I have a complicated relationship with science and tech on one side and religion and intuition on the other. I find none of the ease with which people seem to be able to belong to one camp or the other feeling uncomfortable, as I do, at the abject surrender of humanity and individuality which both sides demand as the price of entry into their communities. Intuition had its time which can be said to be past now and we saw during that time its monstrous transformation into a system of monolithic and absolute dictum, ruling the general populace with a hand at once heavy and cruel. We saw it transform into a hideous excuse for controlling the lives of other people in this time and we saw the deadening of the romance which lies at the heart of religion, its ossification into a soulless, pointless, and mediocre set of rules and regulations.
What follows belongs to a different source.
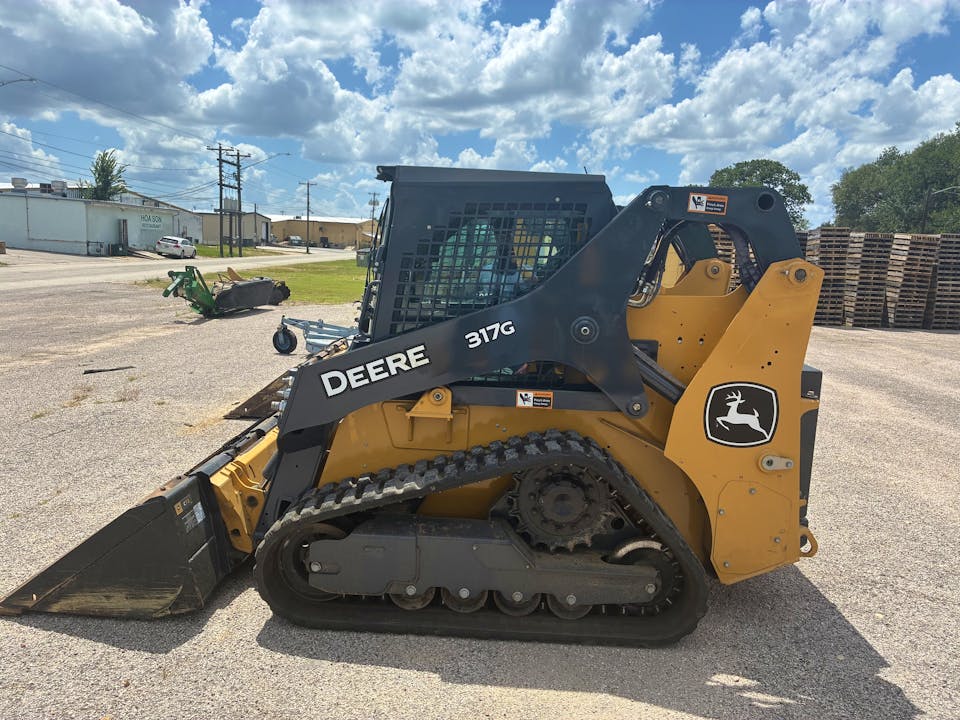 John Deere 317G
When the time came this idiotic and hollowed out framework crumbled under the spirit of the age, it surrendered its limited acuity against the skeptical attitude of the various sciences. And now we have come full circle. Science, and its bastard child which goes by the name of tech, isn't as idiotic as the logic of organized religions but its followers certainly compete very well in the area of intellectual incompetence. For they have again thrown in their lot with an agency they do not understand very well.

At this point it is clear to me that the relentless march of science will serve only to increase the misery of most in this world. In material terms it will drive most people out of a means to earn a reasonable living, eliminating in the process the dignity which humans find in doing a hard day's labor and creating something out of the rough materials of life. This is already seen to be increasingly true in many many areas. On the spiritual front it will hollow out the humans of their humanity, reducing them to atomistic and simplistic entities useful only to the extent where an explanation of the impersonal world is sought. Like leaves, snails, and dust. Not only will it reduce the worth of humans in the context of universal explanations, it will also reduce their worth in their own eyes. In the absence of true humanity, unchecked science will, and has already begun to, reduce humans, their cognition, and their total attention to mere market activities. To notice the modern urban human is to notice a remarkable likeness to a soulless robot, exactly as dead and exactly as mundane.
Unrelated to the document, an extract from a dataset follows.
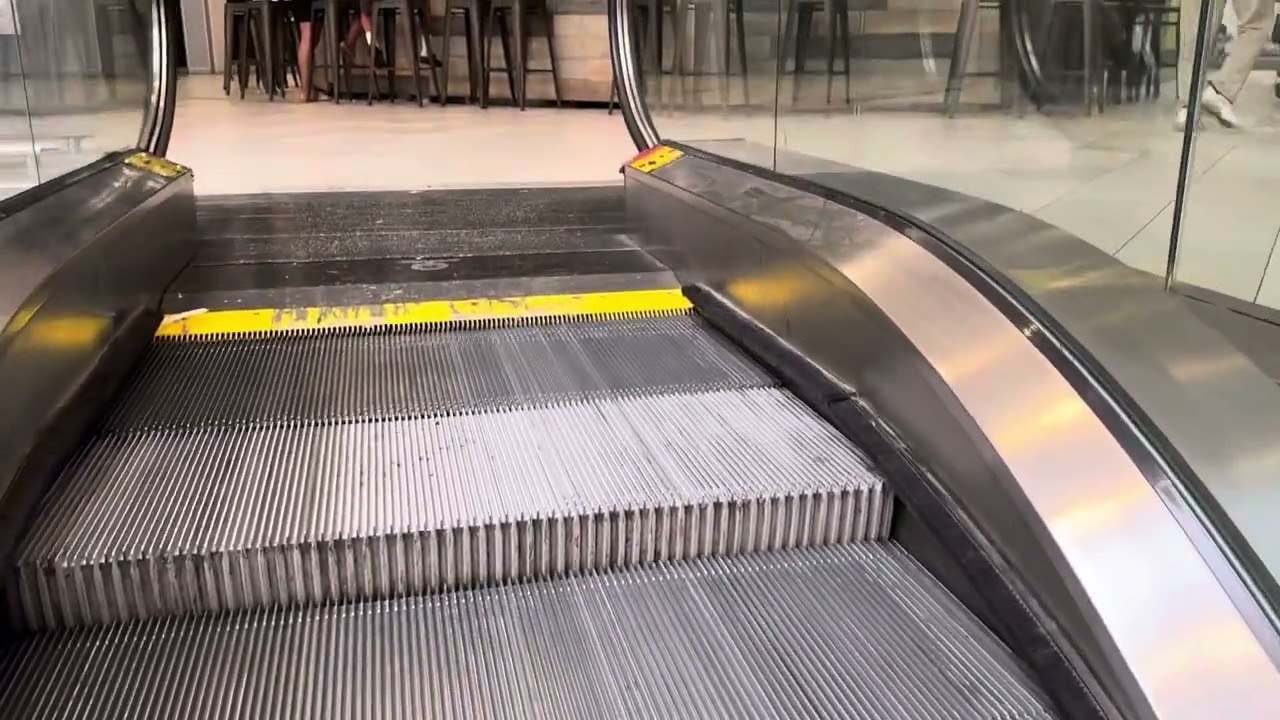 Bad Schindler escalators near JCPenney at Barton Creek Square, Mall in Austin, TX￼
I ultimately disagree with Berlin's hypothesis that there is no such thing as the inevitability of history. I think there is and the world as we find now could not have been otherwise, or at least would have reached the same stage at an earlier or later time . All that one can do is try to control the short range flows but the long range effects seem to have a force of their own. I think in this sense there is an inevitability in the passing of the baton from religion to science, in the passing of idiocy as well. I'm curious to see the next moves.